== EXCERPTED RECORDS ==
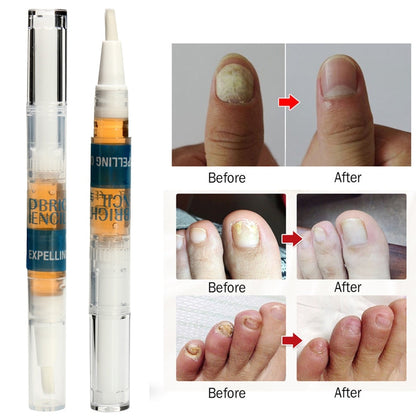 Eucony Fast Acting Toenail Cure - 3ml (PACK OF 4) 3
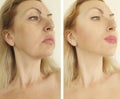 Woman face wrinkles before and after thread lifting treatment facelift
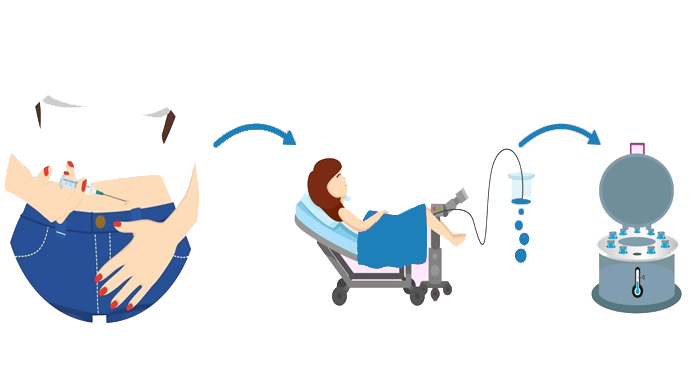 مراحل تخمک گذاری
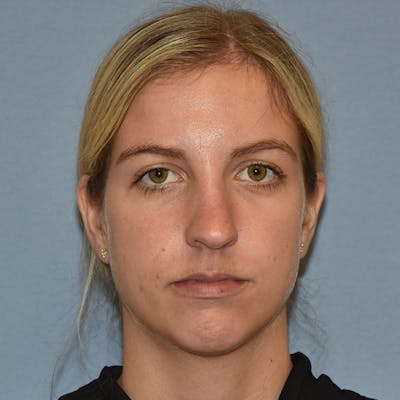 Rhinoplasty Before & After Gallery - Patient 423597 - Image 1
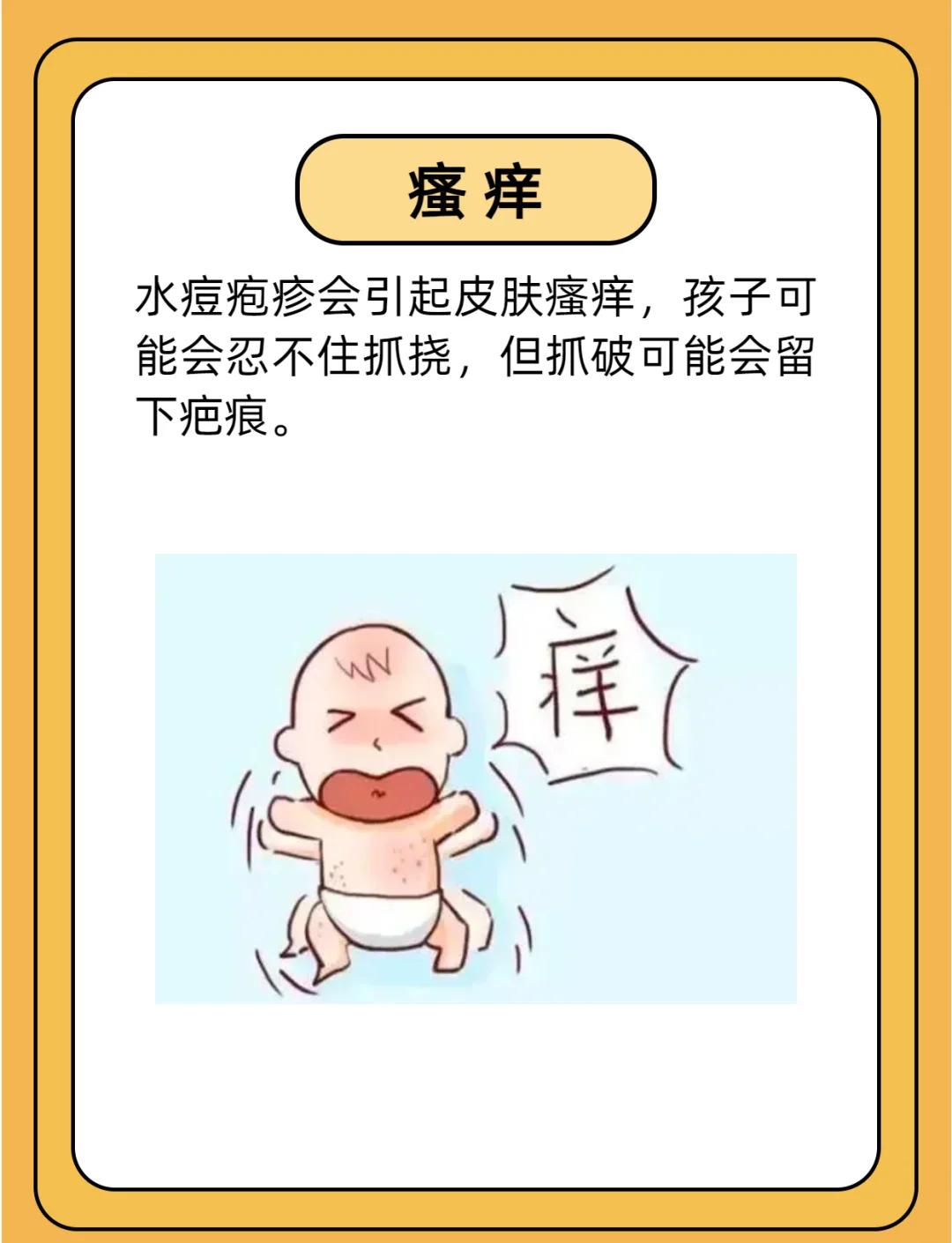 长水痘的前兆是什么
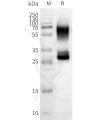 page-FLP100151 OR2B3 Fig.2 SDS PAGE 1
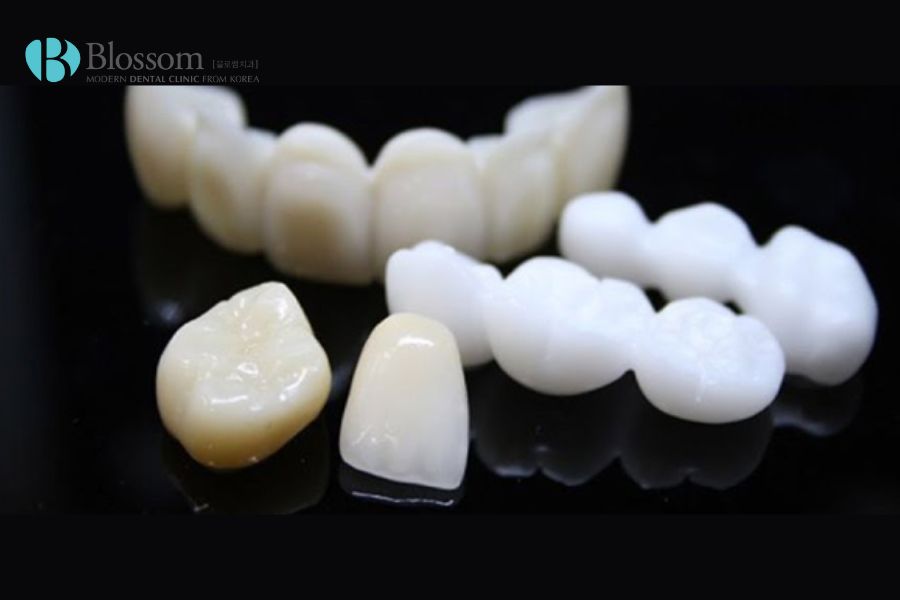Răng toàn sứ Multilayer Cercon HT mang đến màu sắc tự nhiên như răng thật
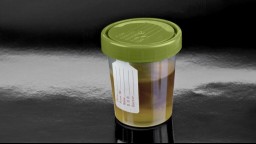 A cup with a urine sample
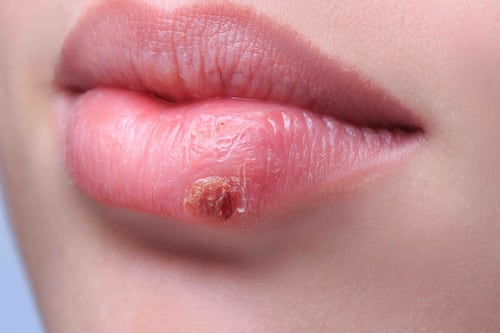 Principais causas para surgimento do herpes labial; como controlar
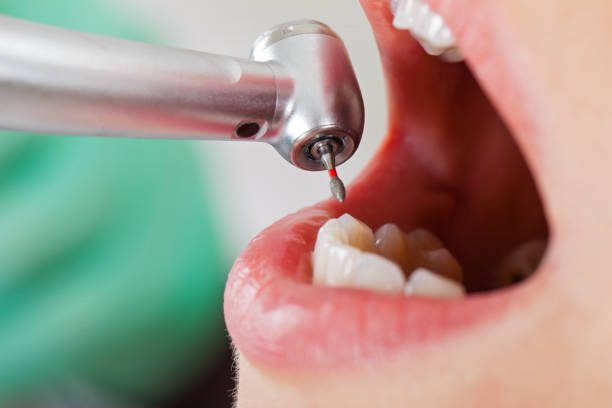 Best Emergency Tooth Extraction in North Ridgeville, OH
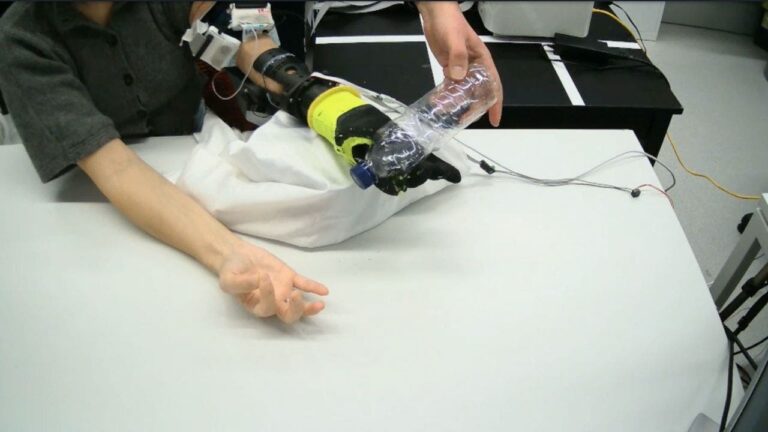 3 soft robotic prosthetic hand uses nerve signals for more natural control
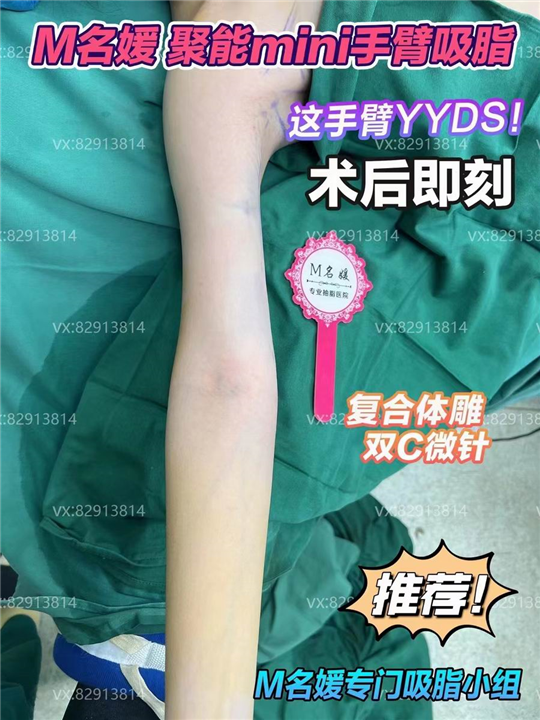 郑州吸脂哪家好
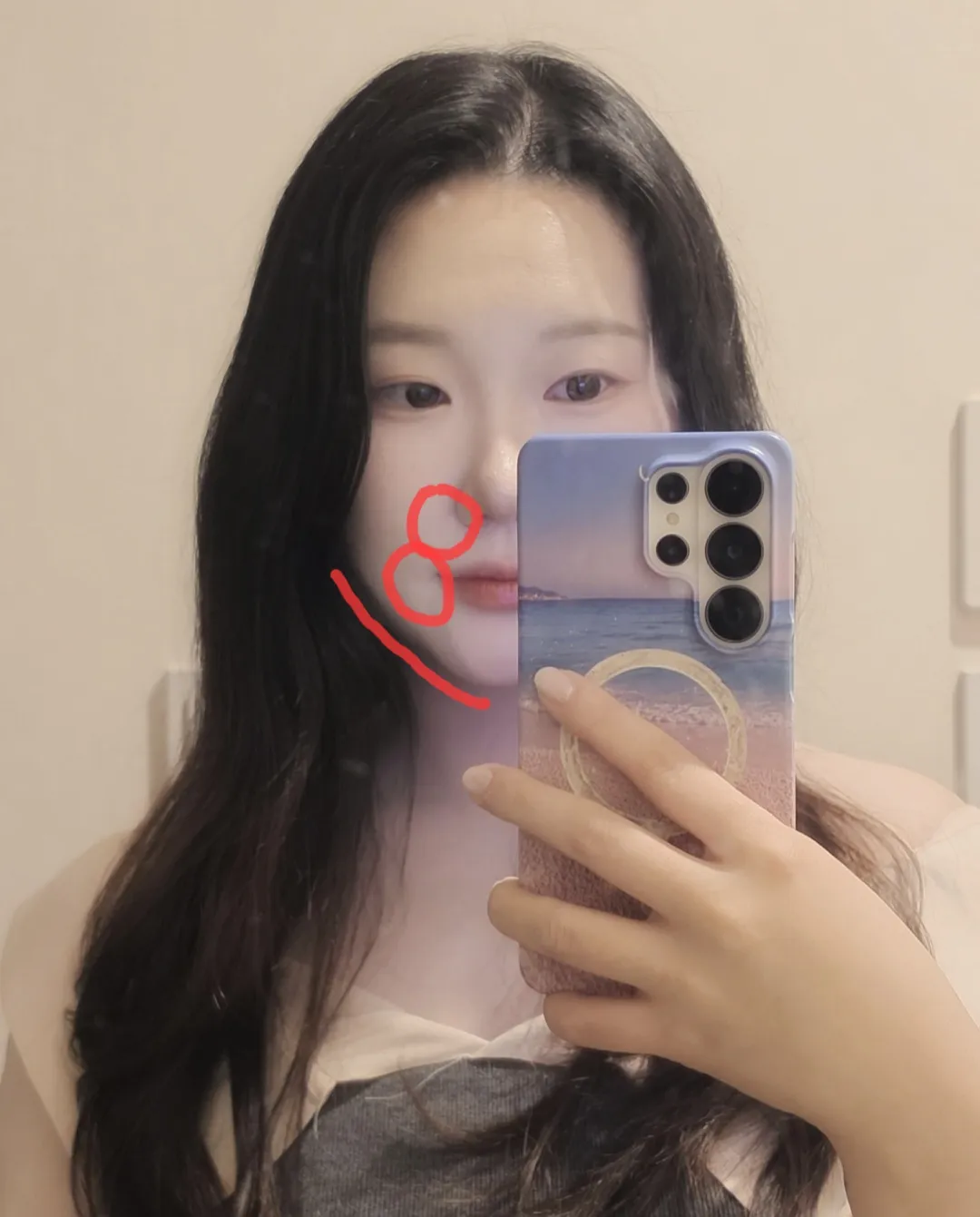 Nain Skin Clinic & Aesthetic - Yeonsinnae Branch 照片 2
===
TO DO>
Print the data above from its first line through the line that has "A cup with a urine sample", exactly and with nothing else, omitting pictures.

COMPLETED EXERCISE>
 Eucony Fast Acting Toenail Cure - 3ml (PACK OF 4) 3
 Woman face wrinkles before and after thread lifting treatment facelift
 مراحل تخمک گذاری
 Rhinoplasty Before & After Gallery - Patient 423597 - Image 1
 长水痘的前兆是什么
 page-FLP100151 OR2B3 Fig.2 SDS PAGE 1
Răng toàn sứ Multilayer Cercon HT mang đến màu sắc tự nhiên như răng thật
 A cup with a urine sample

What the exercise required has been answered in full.